An acceptable answer contains every record below, unchanged, and no pictures.

Dataset extract:
|---|

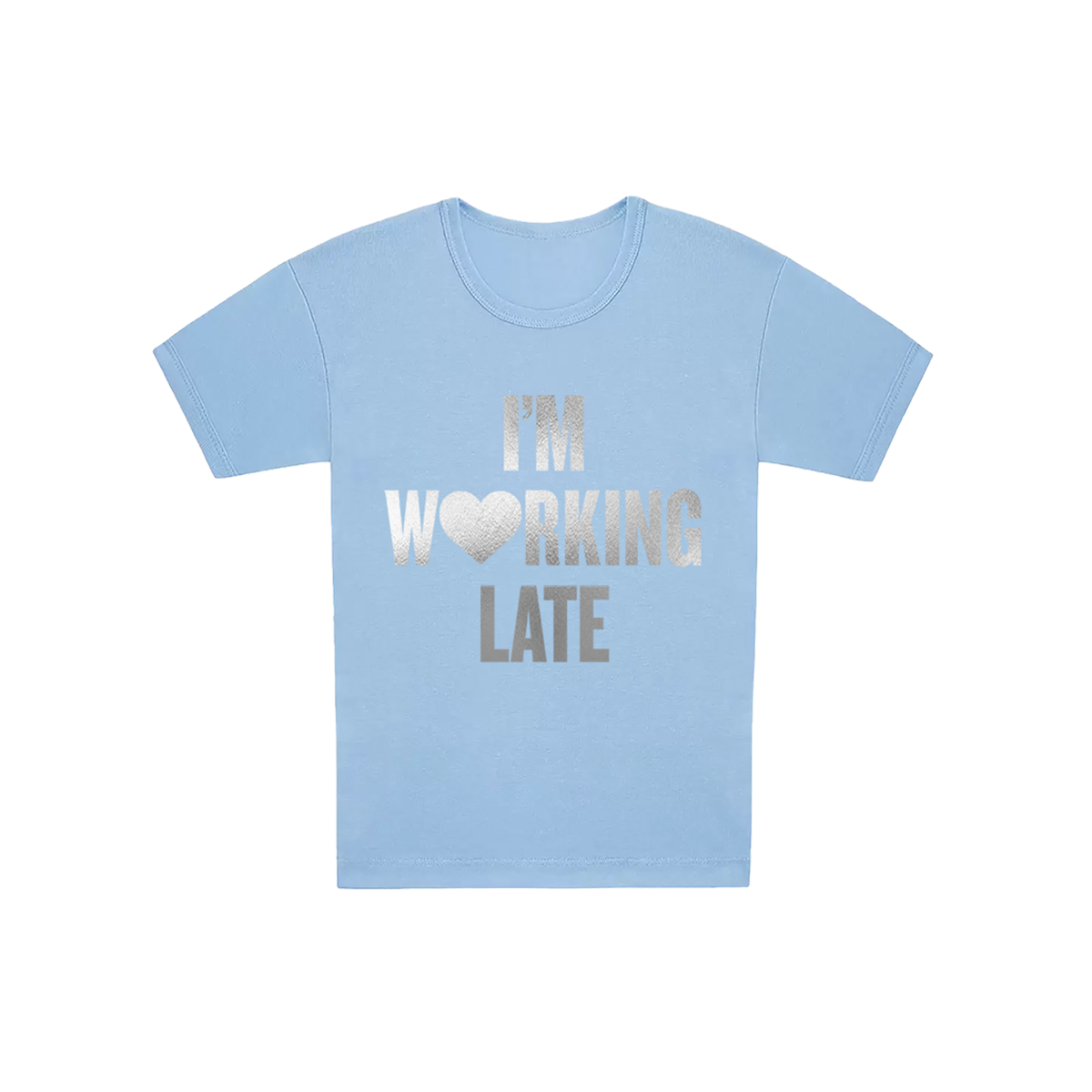 Sabrina Carpenter working late silver foil graphic tee baby t-shirt 405982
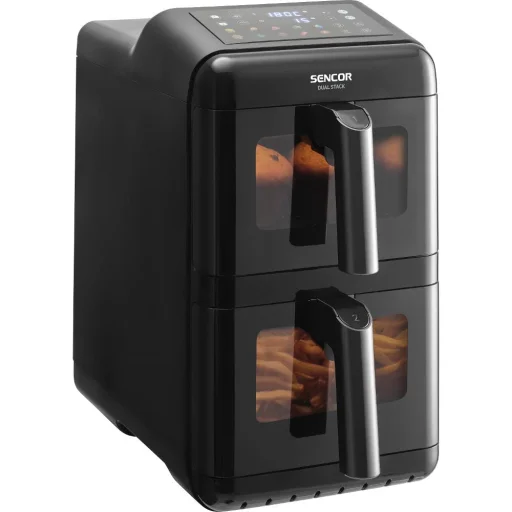 SENCOR SFR 1260BK dvojzónová teplovzdušná fritéza 11,6 l, 3000 W, čierna - 2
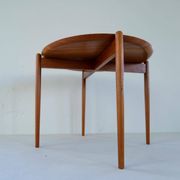 Mid-century modern teak side table/tray Sweden 1960s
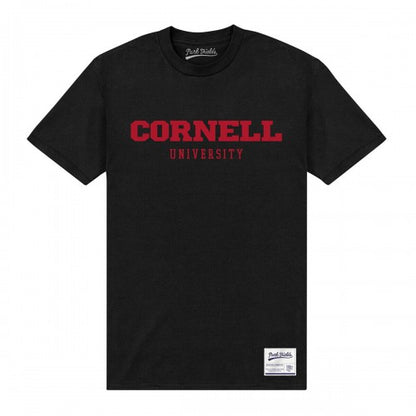 Front - Cornell University Unisex Adult Script T-Shirt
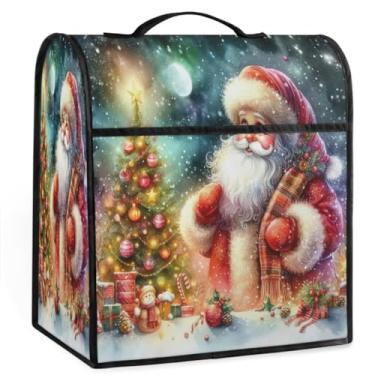 Imagem de Árvore de Natal Santa Claus Art Kitchen Aid Mixers Capa para batedeira 6-8 quartos Auxílio de cozinha resistente à poeira Armazenamento Capas de eletrodomésticos para máquina misturadora Decoração de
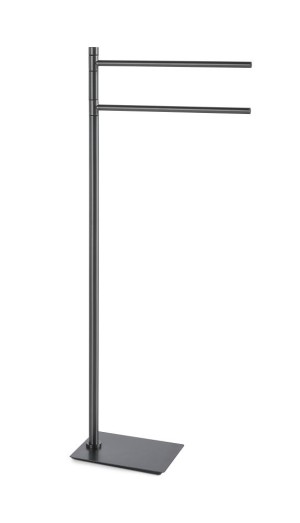 Gedy Trilly, стойка: 2 полотенцедержателя, цвет оружейная сталь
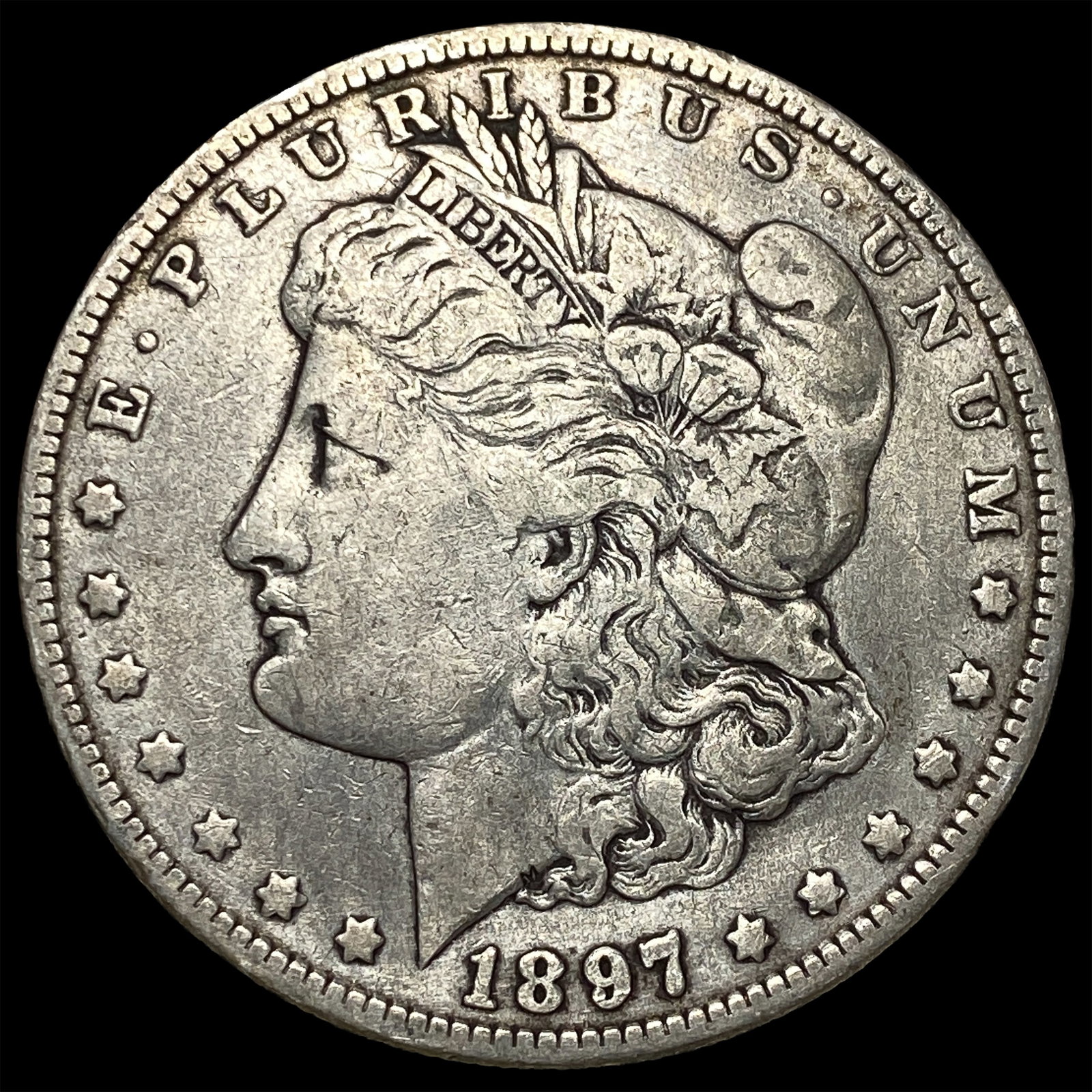 1897-O Silver Morgan Dollar NEARLY UNCIRCULATED: 1897-O Silver Morgan Dollar NEARLY UNCIRCULATED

|---|

Answer to this problem:
 Sabrina Carpenter working late silver foil graphic tee baby t-shirt 405982
 SENCOR SFR 1260BK dvojzónová teplovzdušná fritéza 11,6 l, 3000 W, čierna - 2
 Mid-century modern teak side table/tray Sweden 1960s
 Front - Cornell University Unisex Adult Script T-Shirt
 Imagem de Árvore de Natal Santa Claus Art Kitchen Aid Mixers Capa para batedeira 6-8 quartos Auxílio de cozinha resistente à poeira Armazenamento Capas de eletrodomésticos para máquina misturadora Decoração de
 Gedy Trilly, стойка: 2 полотенцедержателя, цвет оружейная сталь
 1897-O Silver Morgan Dollar NEARLY UNCIRCULATED: 1897-O Silver Morgan Dollar NEARLY UNCIRCULATED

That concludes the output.